▶ **MATERIAL PROVIDED**
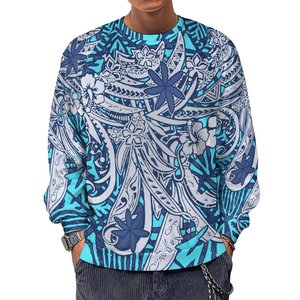 Homens Streetwear Roupas Tribais Polinésia Samoa Havaiana Tapa Padrão Designer Custom <span class=keywords><strong>Plus</strong></span> Size <span class=keywords><strong>Pullover</strong></span> Hoodies dos homens - Product Image 3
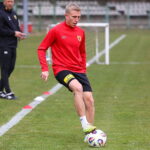 25.03.2026. Kielce. Trening Korony Kielce / Fot. Wiktor Taszłow - Radio Kielce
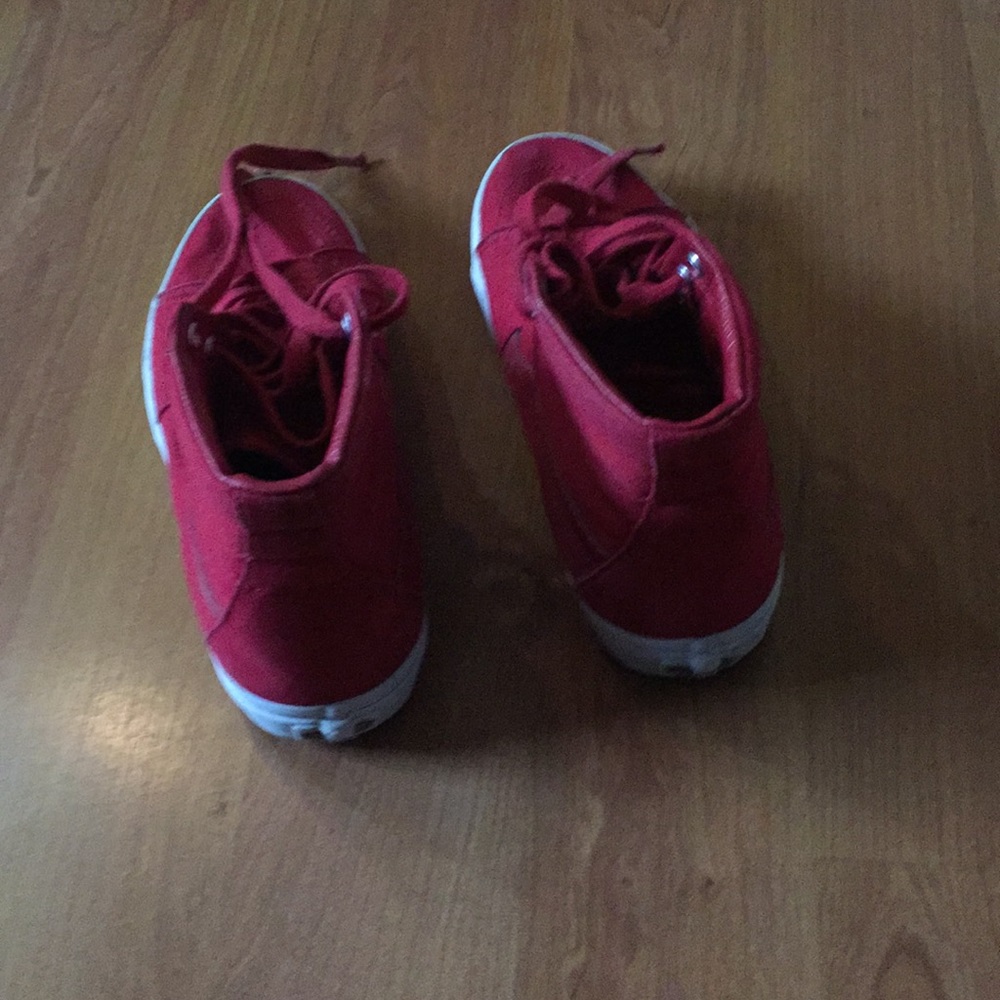 Women vans high top   Red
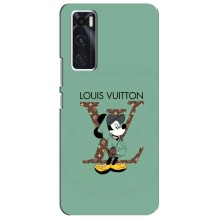 Чехлы Луи Витон для ViVO V20 se (AlphaPrint - LOUIS VUITTON) (Микки Маус LV)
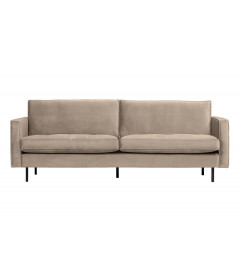 Canapé Rodéo Classic 2.5 Places Velvet Kaki MatelasséWOOOD by De Eekhoorn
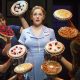 Jeremy Morse, Molly Hager, Jessie Mueller (Jenna), Aisha Jackson and Stephanie Torns in 'Waitress', on Broadway at the Brooks Atkinson Theatre. Photo by Joan Marcus.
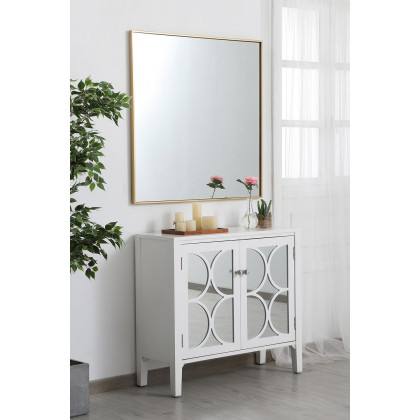 Elegant Wall Mirror - Brass, L 36" (MR43636BR)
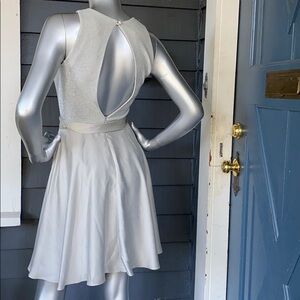 VTG LAUNDRY by Shelli Siegel Silver Midi Dress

▶ **TO DO**
Reproduce the records word for word, please, from their first line up to and including the line that contains "Чехлы Луи Витон", but no pictures.

▶ **WRITTEN RESPONSE**
 Homens Streetwear Roupas Tribais Polinésia Samoa Havaiana Tapa Padrão Designer Custom <span class=keywords><strong>Plus</strong></span> Size <span class=keywords><strong>Pullover</strong></span> Hoodies dos homens - Product Image 3
 25.03.2026. Kielce. Trening Korony Kielce / Fot. Wiktor Taszłow - Radio Kielce
 Women vans high top   Red
 Чехлы Луи Витон для ViVO V20 se (AlphaPrint - LOUIS VUITTON) (Микки Маус LV)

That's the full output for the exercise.